Exercise materials
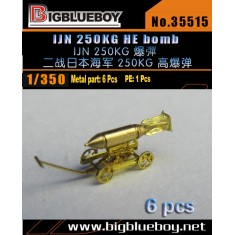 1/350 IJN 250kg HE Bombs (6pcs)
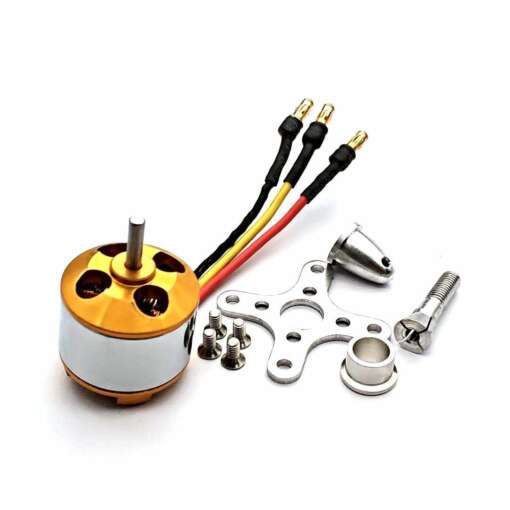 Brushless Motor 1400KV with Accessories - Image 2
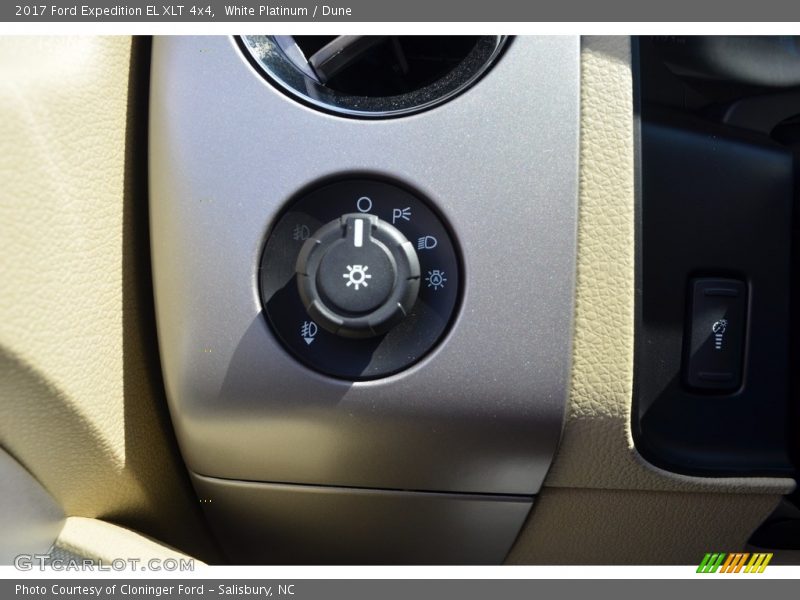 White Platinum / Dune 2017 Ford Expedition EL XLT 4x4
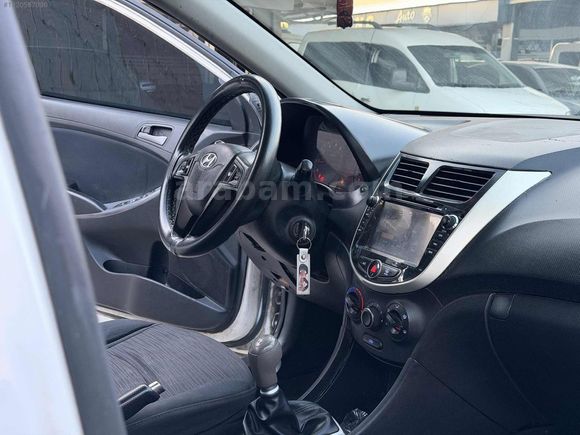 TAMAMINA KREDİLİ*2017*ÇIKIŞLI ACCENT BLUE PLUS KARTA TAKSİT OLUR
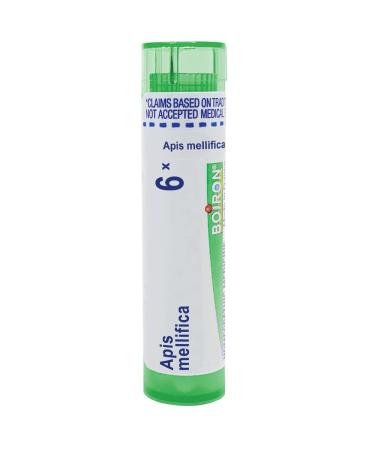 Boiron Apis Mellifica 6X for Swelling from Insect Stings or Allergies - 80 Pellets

* * *

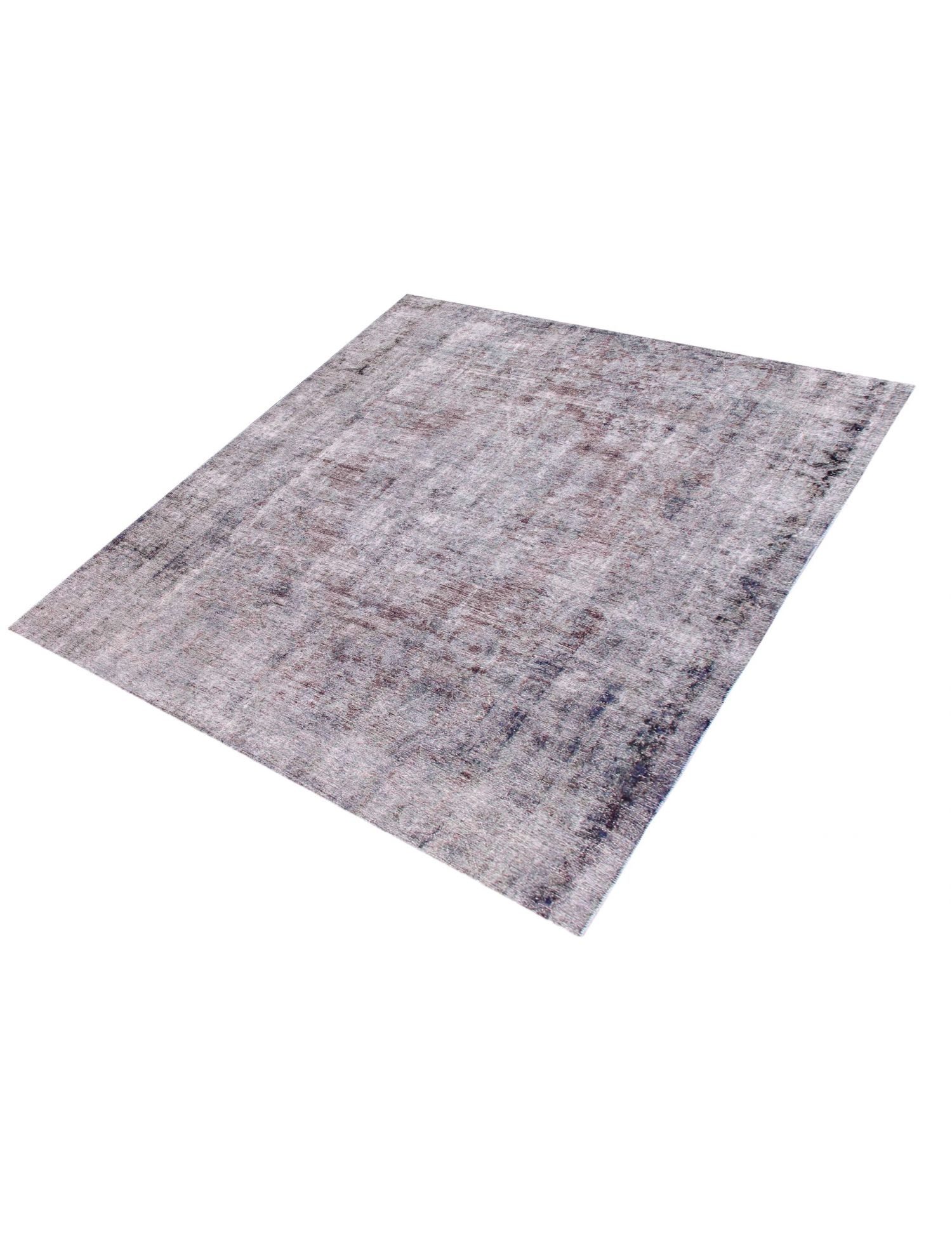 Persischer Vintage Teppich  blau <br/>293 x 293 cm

* * *

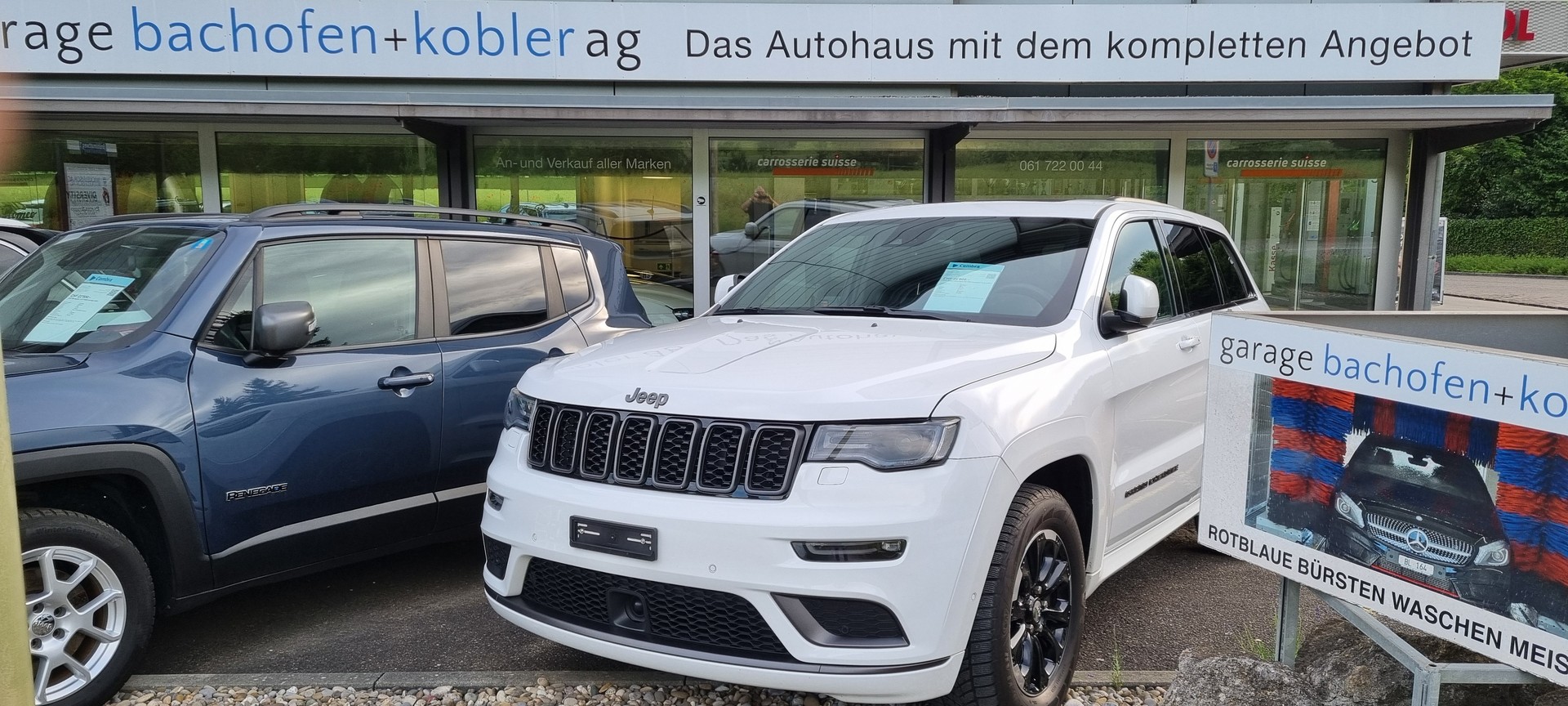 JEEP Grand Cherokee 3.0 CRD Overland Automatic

What the task requires
Set the pictures aside and retype exactly the lines above from the line with "TAMAMINA KREDİLİ*2017*ÇIKIŞLI ACCENT" to the line with "Boiron Apis Mellifica", both included, adding no others.

Task result
 TAMAMINA KREDİLİ*2017*ÇIKIŞLI ACCENT BLUE PLUS KARTA TAKSİT OLUR
 Boiron Apis Mellifica 6X for Swelling from Insect Stings or Allergies - 80 Pellets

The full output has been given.